Friday, April 23, 2004
In the mental rotation: Life is short. I made a wallpaper out of the sakura picture I posted here as a sort of carthasis... yet I still feel half-purged lately.
If you like it, feel free to DL a version in glorious 1600x1200 here. Bonus points if you know where the text is from... but by the file name, it should be obvious.
Recently, I've been faced with many difficult choices, mostly in regards to both my future, my job, my relationships, and my time here in Japan. I find I'm becoming paralyzed about making a firm decision - the stress is probably also in relation to the fact to what I mentioned above: life is short. Gotta get crack'n. Circumstances and people in my life are starting to put me into position where I must choose something, and I'm not sure how I feel about that. Maybe my feigned indifference is a defense mechanism.
Mukashi, mukashi (long ago, long ago)...
...I used to be a decisive person. Honto? (Really?)
I think my decisiveness was at its peak in high school. During then, things were much more straightforward in life (go to UW, go to church, yada yada).
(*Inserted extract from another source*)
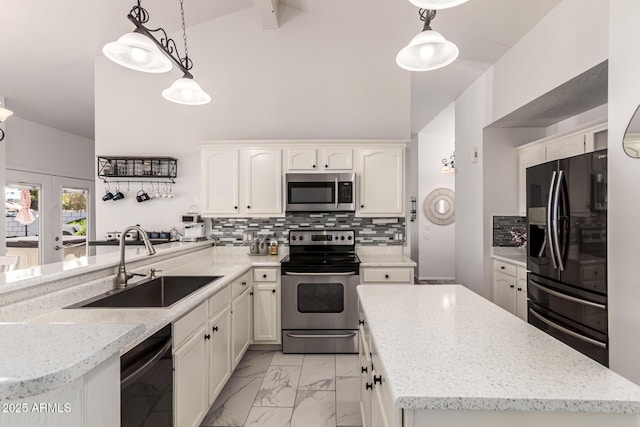 6156 W Del Rio St, Chandler, AZ 85226 - kitchen featuring black appliances, a sink, light marble finish floors, white cabinetry, and high vaulted ceiling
Another big factor I suppose was my devotion to kendo at the time. Kendo training pretty much beat indecision out of me... when you're engaged in fighting somebody full-contact, one-on-one, with a weapon... you don't have the luxury of thinking a lot. In fact, you're conditioned to make fast decisions.
Hey there, Vince! Would you mind dropping your guard and standing still while I think for a few minutes where would be the optimum place to hit your body with my sword?
Since kendo / high school, the trials of college and post-college life have enshrined my once small peasant of indecisiveness in a vast castle of procrastination. From his new home, King Indecisiveness, regularly makes his presence felt in my life. Maybe it's because now, I see the world is less black and white terms, and they vast expanse of gray that I see, both in myself and the world... it's troubling. Lots of shades of gray.
For me, discovering what my life is supposed to be specifically about is sorta like this analogy:
I receive in the mail some keys to a room in my house where a machine is: super-duper-wonky-widget-version-Garrett's-Life. I walk into the room, see about over a hundred different levers, buttons, dials, and switches, all with descriptions written in vague descriptions like "thingie" and "other thingie". Taped to the chair in front of the machine is a handwritten note in English to me that reads:
Please use your device (super-duper-wonky-widget-version-Garrett's-Life). Feel free to manipulate the controls how you see fit, but be sure to help your fellow man via its operation and not cause pain, death, destruction or harm... as outlined in your general instruction manual, the Bible.
When a manual specific to the operation of your own personal device is developed, rest assured, I will mail it to you too. Maybe.
The Guy Upstairs."
Stupified, I just stare and make the choice that requires the least effort or risk: Do nothing. Choices, choices... I guess lately, I have doubts about my ability to make (good) choices.
I wish the general operation of my life was a little bit less complicated... why can't the operation of my life be more like a Glock or something?
Clip in, slide back, aim, pull the trigger... bang.
Laugh, and the world laughs with you;
Weep, and you weep alone.
For the sad old earth must borrow it's mirth,
But has trouble enough of it's own.
The above is quote from the poem "Solitude", which I remember from "good 'ol" high school days, where daily subjects mostly revolved around dead people and the stuff they left that you, the ig'nant child, should know about. Being the anti-stereotypical Asian American person I was, my interests in high school tended to literature, history, and poetry... NOT math and science. Once, liking poetry was considered equivalent to wearing a pink tutu or being a hairdresser, but because of hip-hop / emceeing, I can breathe a sigh of relief that my manhood is safe.
On a related note, according to this article posted by Doc Lot, being a poet is a ticket to an early grave. Joy.
A student told me recently they found my webpage with - what else? - Google. I wonder if he and others read this blog?
To all my English students: My apologies for my frequent, casual, and completely brutal abuse of the English language. Native (Chinese American) son speaking in his native (Chinese American) tongue, here.
I watched copies of MySassy Girl, Face/Off and best of all... Kill Bill Vol. 1 a few days ago. Thanks, Chong. Holla at me if you want anything from Japan.